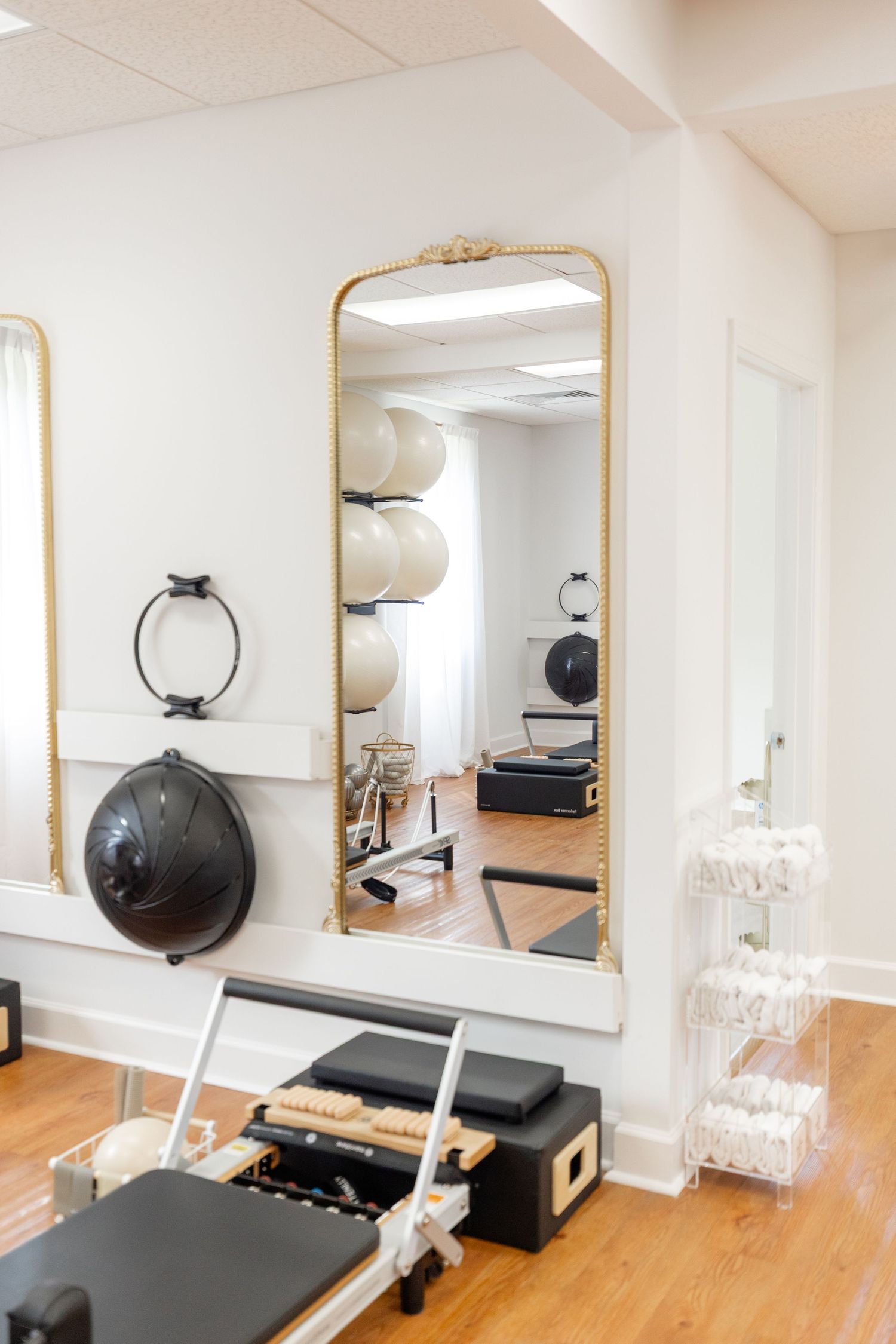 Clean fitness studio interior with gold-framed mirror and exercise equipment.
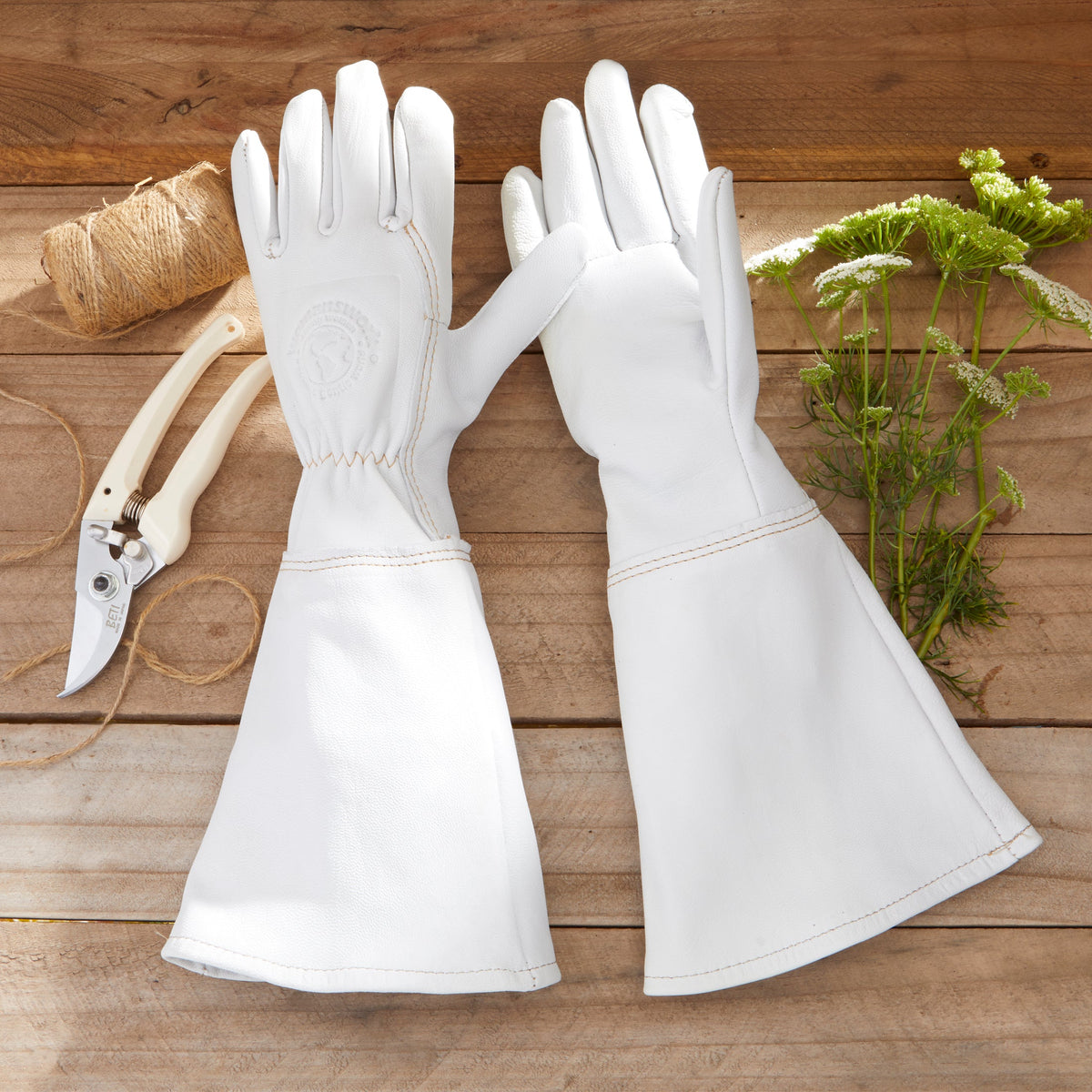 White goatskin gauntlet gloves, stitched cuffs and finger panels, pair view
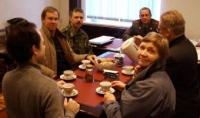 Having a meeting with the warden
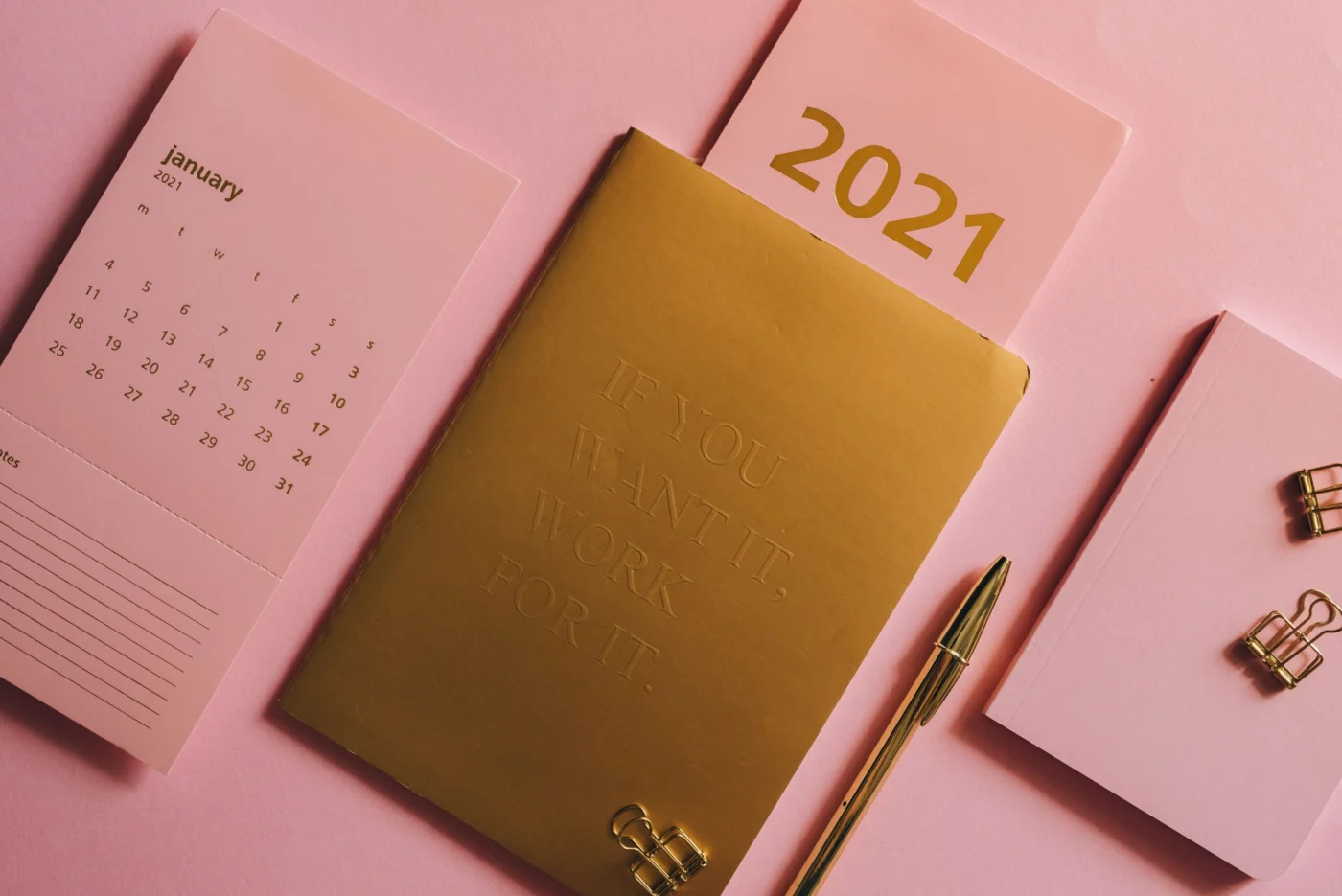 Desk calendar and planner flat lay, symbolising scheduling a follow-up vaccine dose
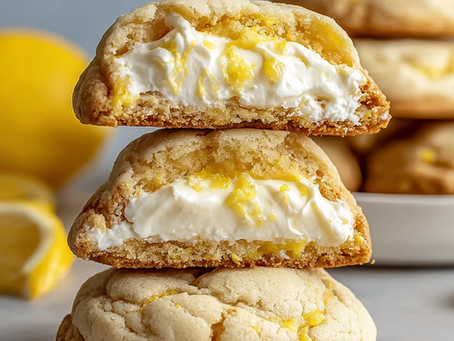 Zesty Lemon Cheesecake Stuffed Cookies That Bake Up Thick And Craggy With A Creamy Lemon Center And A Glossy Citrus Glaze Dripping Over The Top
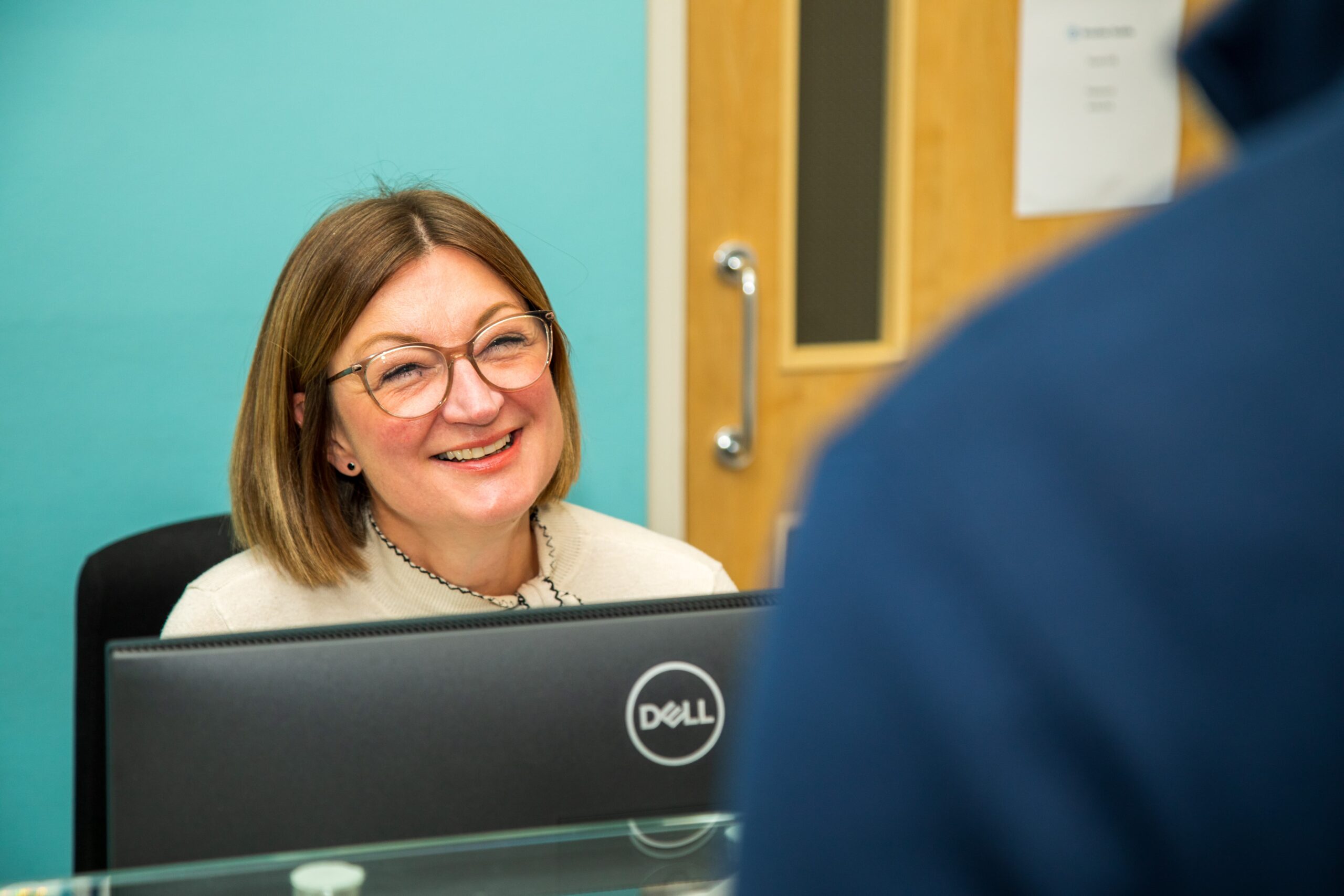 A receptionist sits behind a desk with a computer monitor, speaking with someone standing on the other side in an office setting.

» **YOUR OBJECTIVE**:
Leave the pictures out, and copy exactly each line from the one containing "White goatskin gauntlet" through the final line of the data.

» **EXERCISE OUTPUT**:
 White goatskin gauntlet gloves, stitched cuffs and finger panels, pair view
 Having a meeting with the warden
 Desk calendar and planner flat lay, symbolising scheduling a follow-up vaccine dose
 Zesty Lemon Cheesecake Stuffed Cookies That Bake Up Thick And Craggy With A Creamy Lemon Center And A Glossy Citrus Glaze Dripping Over The Top
 A receptionist sits behind a desk with a computer monitor, speaking with someone standing on the other side in an office setting.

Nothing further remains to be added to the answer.